__Problem description__: Repeat the lines below exactly as they appear, but leave out the images.

__Provided material__:
^^^^
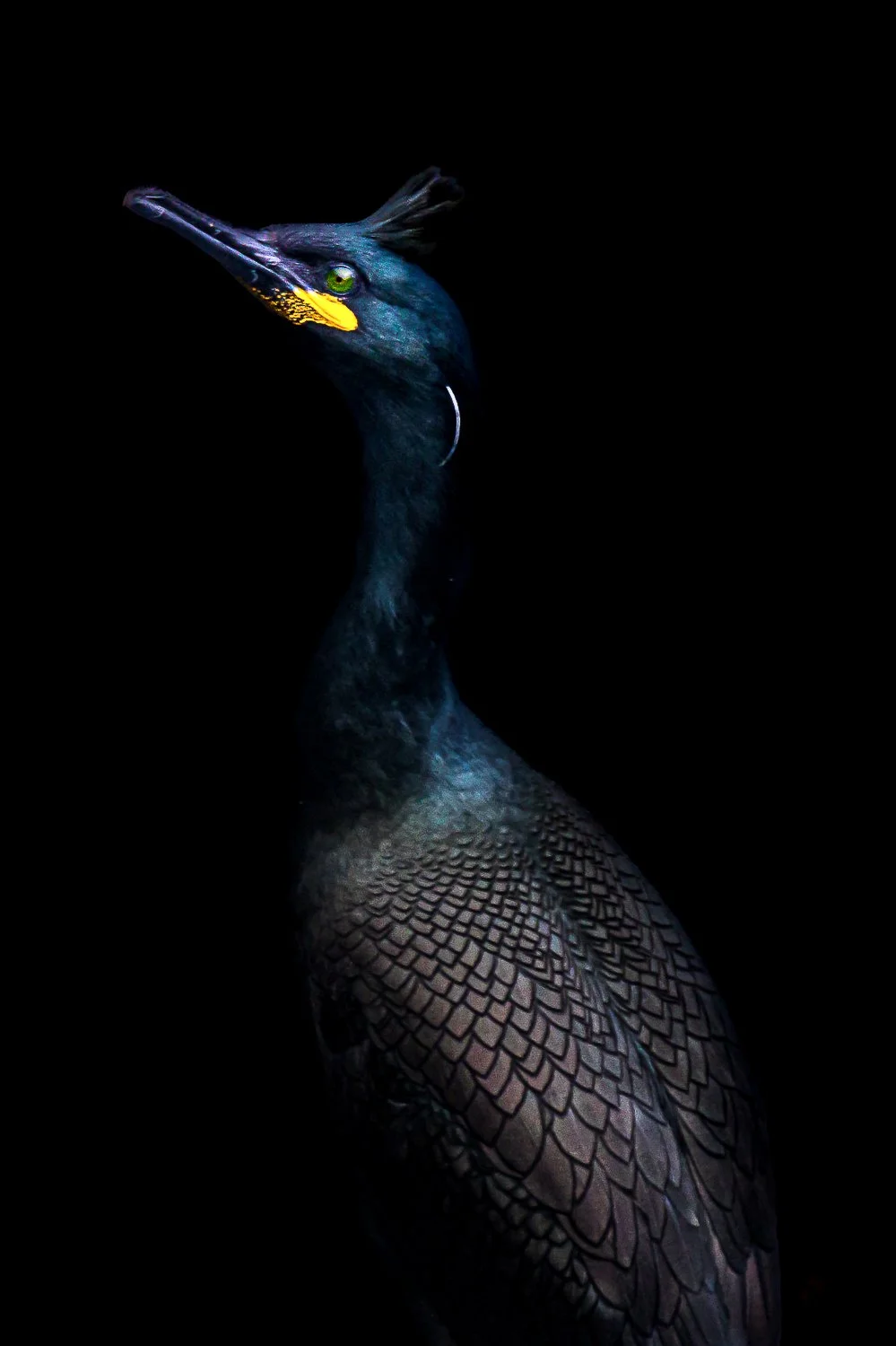 Cormoran huppé dans la pénombre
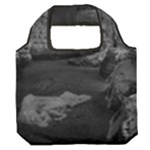 Timeless Shores, Las grutas beach, Rio negro, Argentina Premium Foldable Grocery Recycle Bag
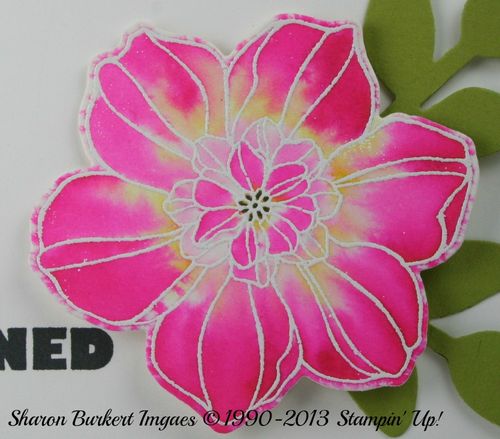 Melon Mambo secret Garden close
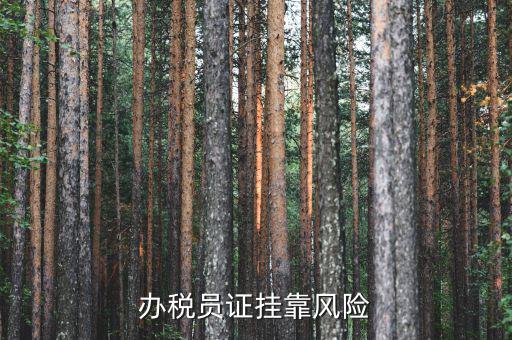 實名辦稅員有什么風(fēng)險，里面有個辦稅人要填我的名字會不會付法律責(zé)任有什么風(fēng)險沒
^^^^
__Result of the task__:
 Cormoran huppé dans la pénombre
 Timeless Shores, Las grutas beach, Rio negro, Argentina Premium Foldable Grocery Recycle Bag
 Melon Mambo secret Garden close
 實名辦稅員有什么風(fēng)險，里面有個辦稅人要填我的名字會不會付法律責(zé)任有什么風(fēng)險沒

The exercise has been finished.